Mazda, which finished top importer and third overall in 2013 and 2012 behind Toyota and Holden, was knocked back into fourth by Hyundai in November, with the Korean brand ahead by just 381 sales year to date.
Meawhile, the Mazda3 closed the gap on the Corolla at the top of the sales ladder in November and with one sales month left to run is only 679 sales behind.
But at a media briefing in Melbourne this afternoon, Mazda Australia marketing manager Alastair Doak made it clear there would be no special strategies – such as pre-registering cars – to artifically drive up results.
"I know you'll think 'here we go', but it really is just a number to us," when asked about finishing on the podium. "We are more about what is that number? How many are we going to sell? Are we looking after our customers?
"Those are the sorts of things we are interested in and will concentrate on. Was it nice we were the top-selling import brand for a long time and may still be this year? Yeah, it was nice..."
Doak said whatever the final result between 3 and Corolla, the Mazda would still be the top -elling car for Australian private buyers, as a significant number of the Toyota's sales go to rental fleets.
"We will do what we want to do," he said of Mazda3 sales. "We have a [target] number, we will do that number hopefully. And we will see what they (Toyota) want to do.
"We won''t be doing anything silly like registering cars or anything like that, it will just be natural demand."
Doak said he was confident that Mazda Australia would finish with more than 100,000 sales for the fourth consecutive calendar year in 2014 – short of its 103,000 target -- although the company must sell more than 8000 cars in December to do it.
"The momentum is there," he said."We dialled up our retail a little in November and that momentum is there in the marketplace.
"By pure luck or co-oincidence we have our core models in run-out . So we are running out CX-5, we are running out Mazda6 and we are allso running out model year 2014 Mazda3 as well.
"We are confident that will give us a bit of a run into December."
Doak also predicted the arrival of facelifted Mazda6 medium car and top-selling CX-5 medium SUV in the first quarter of 2015, the CX-3 small SUV in the second quarter, the updated BT-50 commercial in the second half and the hotly-anticipated fourth-generation MX-5 sports car towards the end of the year should help the company establish a new Australian sales record next year.
The Japanese brand showed off the upgraded Mazda6, upgraded CX-5 and all-new CX-3 at its Melbourne function today.

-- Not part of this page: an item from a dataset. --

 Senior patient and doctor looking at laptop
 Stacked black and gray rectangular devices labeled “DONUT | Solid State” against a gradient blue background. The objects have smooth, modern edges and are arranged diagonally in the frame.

"I would hope we should do better," Doak said of 2015 sales. "Our best is 103,000 and change (103,886, in 2012), so you would hope we would get there. But it is market dependant.
"We thought we would have a better year this year, but it turned out to be softer than we predicted."
Doak said Mazda expected the overall new vehicle sales market to stabilise in 2015 after trending down in 2014.
"It should pretty much stay flat next year. At least it should stop falling and be marginally better than this year. Our economists say economic conditions should improve next year, although they aren't that bad now."